A questão é delgada, pois a “vontade de constituição”, torna inviável aquilo que de fato é direito, todavia, uma vez positivado, depõe contra o próprio judiciário que ficou em um limbo aberto pelo Poder Constituinte, é preciso buscar esse direito. Teremos que positivar todos os direitos? Essa é uma questão a se pensar.

 

CONCLUSÃO

 

Torna-se óbvio que os direitos fundamentais precisam e devem ser respeitados e de fato não serem “uma folha de papel”. A questão da América Latina é ímpar frente ao pensamento eurocêntrico, somos colônias livres do domínio político, todavia, nos aguilhoamos às idéias que nos chegam da Europa com muita facilidade.

O trabalho de Miguel Carbonell é um ponto para reflexão das condições que vivemos, desde o México até o Uruguai. O constitucionalismo parece, reafirmo, parece que se assentou muito bem no Estados Unidos da América que passa pela fragrância do Common Law, não é um sistema perfeito, todavia.

O México e sua emblemática Constituição de 05 de fevereiro de 1917, parece-me um pouco com o personagem de Manuel de Macedo, esquece-se de que seu vizinho rico lhe impõe fronteiras que “El Pueblo” não quer enxergar. Há problemas pontuais sérios como o tráfico de drogas e a economia. Ser míope fisicamente não é um pecado, moralmente, se aplicarmos Carbonell, caberá o juízo de ponderação e se assim o fizermos, as críticas sob o neoconstitucionalismo podem ser desproporcionais.

Sérgio Ricardo de Freitas Cruz.    

 

[1] Graduado, mestre e doutorando em Direito pelo Centro Universitário de Brasília. UniCEUB.

[2] MACEDO, Joaquim Manuel de. A Luneta mágica. Martin Claret, São Paulo 2002. Simplício é o personagem central dessa obra de 1869 que passa como crítica política e social. Simplício é um homem rico, que se define logo na abertura da obra: “Chamo-me Simplício e tenho condições naturais ainda mais tristes do que meu nome. Nasci sob a influência de uma estrela maligna, nasci marcado com o selo do infortúnio. Sou míope; pior que isso, duplamente míope, míope física e moralmente. Miopia física: --a duas polegadas de distância dos olhos não distingo um girassol de uma violeta. E por isso ando na cidade e não vejo as casas. Miopia moral—sou sempre escravo das idéias dos outros; por isso que nunca pude ajustar duas idéias minhas”. (Grifamos) 

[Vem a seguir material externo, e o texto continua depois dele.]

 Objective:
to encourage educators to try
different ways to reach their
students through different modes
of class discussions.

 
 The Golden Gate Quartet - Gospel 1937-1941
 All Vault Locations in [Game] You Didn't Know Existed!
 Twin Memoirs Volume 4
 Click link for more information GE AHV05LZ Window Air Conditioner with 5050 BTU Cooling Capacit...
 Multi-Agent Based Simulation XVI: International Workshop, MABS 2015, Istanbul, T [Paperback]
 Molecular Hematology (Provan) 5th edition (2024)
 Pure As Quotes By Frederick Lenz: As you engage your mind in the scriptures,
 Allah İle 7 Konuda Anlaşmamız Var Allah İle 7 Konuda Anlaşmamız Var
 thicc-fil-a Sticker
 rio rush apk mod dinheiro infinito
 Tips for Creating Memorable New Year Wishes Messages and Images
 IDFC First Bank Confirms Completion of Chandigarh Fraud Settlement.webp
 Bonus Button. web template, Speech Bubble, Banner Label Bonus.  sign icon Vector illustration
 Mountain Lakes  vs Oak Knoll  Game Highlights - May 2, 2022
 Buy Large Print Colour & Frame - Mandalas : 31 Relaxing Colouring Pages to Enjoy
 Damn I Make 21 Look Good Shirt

[3] Licenciado en Derecho por la Facultad de Derecho de la UNAM. Doctor en Derecho por la Universidad Complutense de Madrid, España. Investigador del Instituto de Investigaciones Jurídicas de la UNAM.  Coordinador del Área de Derecho Constitucional y de la Unidad de Extensión Académica y proyectos Editoriales del mismo Instituto. Investigador Nacional nivel III del Sistema Nacional de Investigadores desde enero de 2005, siendo el más jóven científico del país en alcanzar ese nivel.   Autor de 44 libros y coordinador o compilador de otras 49 obras.Ha publicado más de 400 artículos en revistas especializadas y obras colectivas de México, España, Italia, Inglaterra, Argentina, Brasil, Colombia, Ecuador, Perú, Chile, República Dominicana y Uruguay. Sus textos se han publicado en cinco diferentes idiomas. Ha dictado más de 900 cursos y conferencias en México y otros países.Ha cordinado las obras colectivas más importantes de México en materia jurídica, tales como la "Constitución Política de los Estados Unidos Mexicanos comentada y concordada" (5 tomos), la "Enciclopedia Jurídica Mexicana" (15 tomos), la "Enciclopedia Jurídica Latinoamericana" (10 tomos) y "Los derechos del pueblo mexicano. México a través de sus constituciones" (25 tomos). Ha sido miembro del Consejo Consultivo de la Comisión Nacional de los Derechos Humanos y de la Junta de Gobierno del Consejo Nacional para Prevenir la Discriminación. Actualmente es miembro del Consejo de la Comisión de Derechos Humanos del Distrito Federal.            Le han otorgado varios premios y reconocimientos, como por ejemplo el Premio Anual de Investigación Jurídica Ignacio Manuel Altamirano y el Premio Universidad Nacional para Jóvenes Académicos. Es articulista en el periódico "El Universal". In: http://www.miguelcarbonell.com/curriculum.htm (08/03/2016- 19h30).

[4] LASSALE, Ferdinand. A essência da constituição. Lumen Juris. 1998.